Reputation: 1103
I was running an application on AWS EMR-Spark. Here, is the spark-submit job;-
Arguments : spark-submit --deploy-mode cluster --class com.amazon.JavaSparkPi s3://spark-config-test/SWALiveOrderModelSpark-1.0.assembly.jar s3://spark-config-test/2017-08-08
AWS uses YARN for resource management. I was looking at the metrics (screenshot below), and have a doubt regarding the YARN 'container' metrics.
Here, the container allocated is shown as 2. However, I was using 4 nodes (3 slave + 1 master),all 8 cores CPU. So, how are only 2 container allocated?
Upvotes: 1
Views: 3039
Reputation: 13154
A couple of thing you need to do. First of all, you need to set the following configuration in capacity-scheduler.xml
"yarn.scheduler.capacity.resource-calculator":"org.apache.hadoop.yarn.util.resource.DominantResourceCalculator"
otherwise YARN will not use all the cores you specify. Secondly, you need to actually specify the number of executors you need, and also the number of cores you need and the amount of memory you want allocated on executors (and possibly on the driver as well, if you either have many shuffle partitions or if you collect data to the driver).

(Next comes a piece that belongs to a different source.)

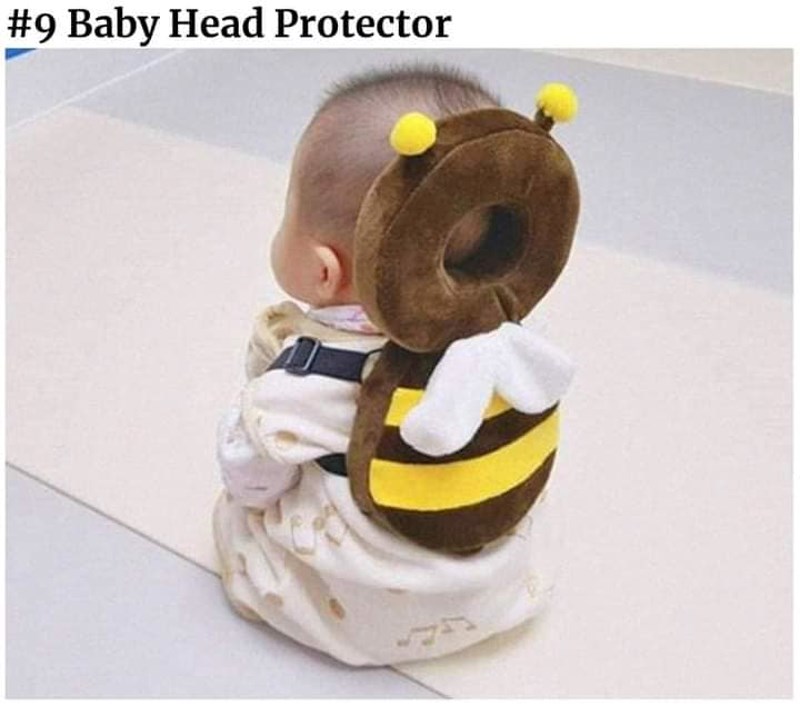 Joooj, em čuva glavicu, em preslatko izgleda!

YARN is designed to manage clusters running many different jobs at the time, so it will not per default assign all ressources to a single job, unless you force it to by setting the above mentioned setting. Furthermore, the default setting for Spark are also not sufficient for most jobs and you need to set them explicitly. Please have a read through this blog post to get a better understanding of how to tune spark settings for optimal performance.
Upvotes: 2